綾瀬はるか (c)朝日新聞社
綾瀬はるか (c)朝日新聞社

 苦戦する今クールのドラマの中で、オリジナル作品でありながら、比較的視聴率がいいのが「奥様は、取扱い注意」(日本テレビ系)だ。毎回リアルタイム視聴率で11%を超えており、録画での視聴率も高いようで、合わせると毎回20%近い数字となっている(ビデオリサーチ調べ、関東地区)。

 このドラマは綾瀬はるか(32)、広末涼子(37)、本田翼(25)などのキャスティングもさることながら、人も羨むようなセレブ妻であるはずの綾瀬はるかが、実は元工作員だったという意外な設定に、視聴者の評判も上々だ。

「このところ、日テレ水曜22時のドラマは、女性の内面に焦点を当てたエンタメ作品が多かったのですが、女性のアクションという選択肢でくるとは思わなかった。ドラマの作りは、いかにも女性視聴者を狙ったかわいい作りで、タイトルも『奥さまは魔女』のオマージュでヒロインが特殊能力で物語を解決していく……というイメージなのですが、まさかの武闘派アクションというあたりの裏切りが、気持ちいいですよね」(テレビ情報誌の編集者)

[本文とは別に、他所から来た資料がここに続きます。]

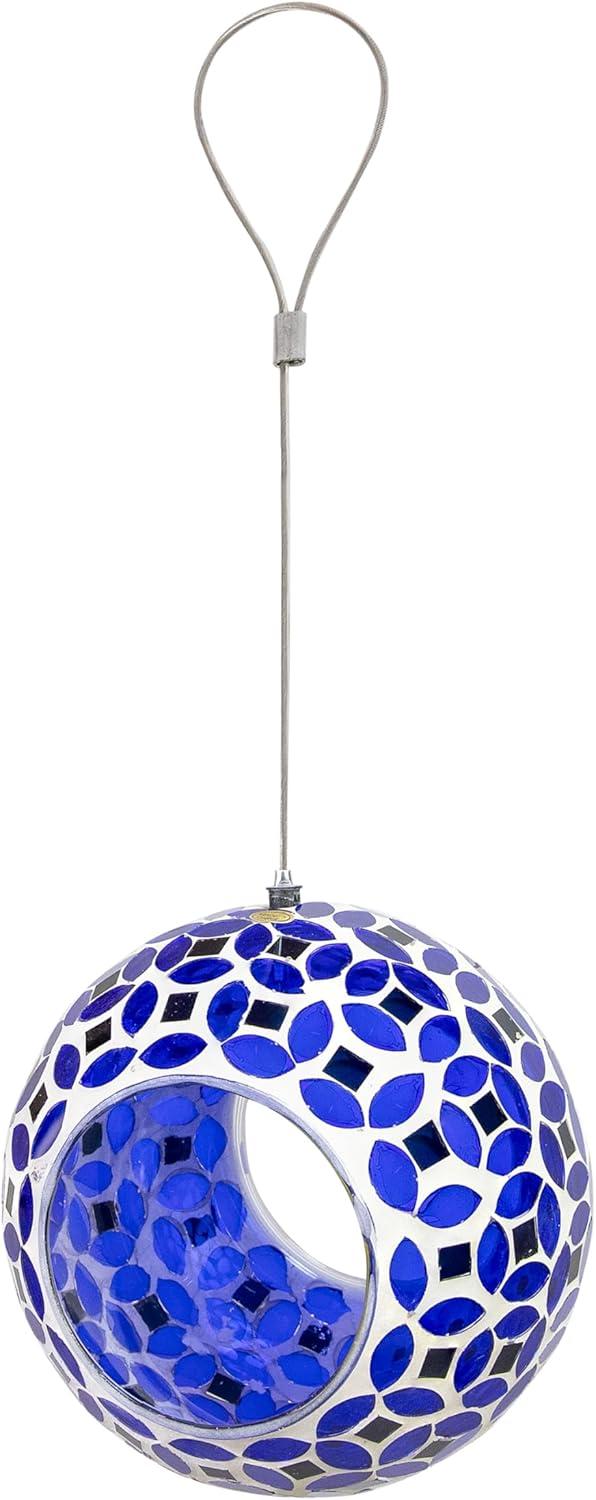 image:imageSunnydaze 6Inch Glass Mosaic Hanging Bird Feeder for Outdoors FlyThrough Glass Bird Feeder for Cardinals Jays Finches and More Set of 8Lavender Mosaic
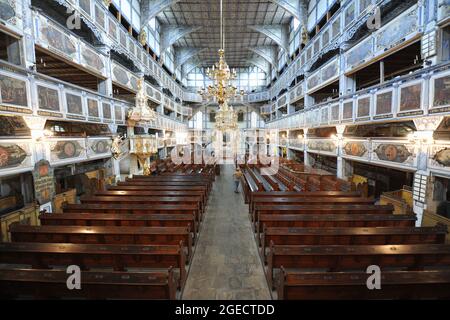 Jawor, Silésie, Pologne, intérieur de l'église historique de la paix à grands pans de bois, construite en 1655 Banque D'Images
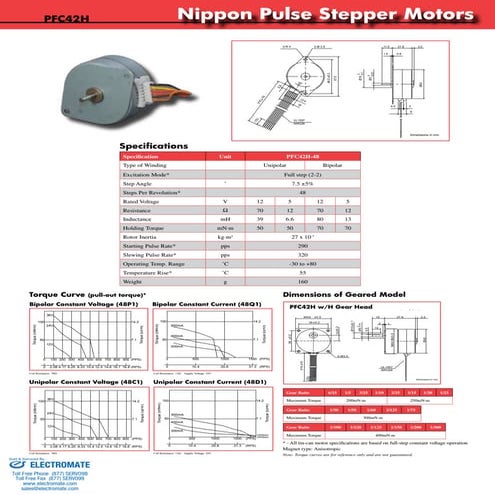 Npm pfc42h specsheet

 女性が好むキャラやテーマ設定の上に、骨太なアクションをかけ合わせる――これらの原案・脚本を手掛けたのが、最近、積極的にドラマの脚本を手がけている作家の金城一紀(49)だ。

「小説家として有名だった金城さんはもともと映画『フライ、ダディ、フライ』ではじめて原作と脚本を担当し、その後、岡田准一(36)とのタッグで映画にもなった『SP』(フジテレビ系)では、自ら企画を持ち込んで、大ヒットしましたね。また、小栗旬(34)とタッグを組んで代表作になった『BORDER 警視庁捜査一課殺人犯捜査第4係』シリーズ(テレビ朝日系)や『CRISIS 公安機動捜査隊特捜班』(フジテレビ系)などコンスタントに映像作品に関わり、どれも視聴者からの評価も高い。今回は、満を持しての女性主人公ですが、やはりアクションを盛り込んできた。超能力や特殊工作員といった“少年”っぽい設定が、いかにも金城さんらしいですよね」(文芸誌の編集者)

 固定ファンの存在と売り上げ部数を見れば視聴率がある程度予想できるということで、小説原作ものが相変わらずドラマ業界では主流となっている。しかし、それがさらに進み、今では最初から作家と組んで、ドラマを作るパターンもあるようだ。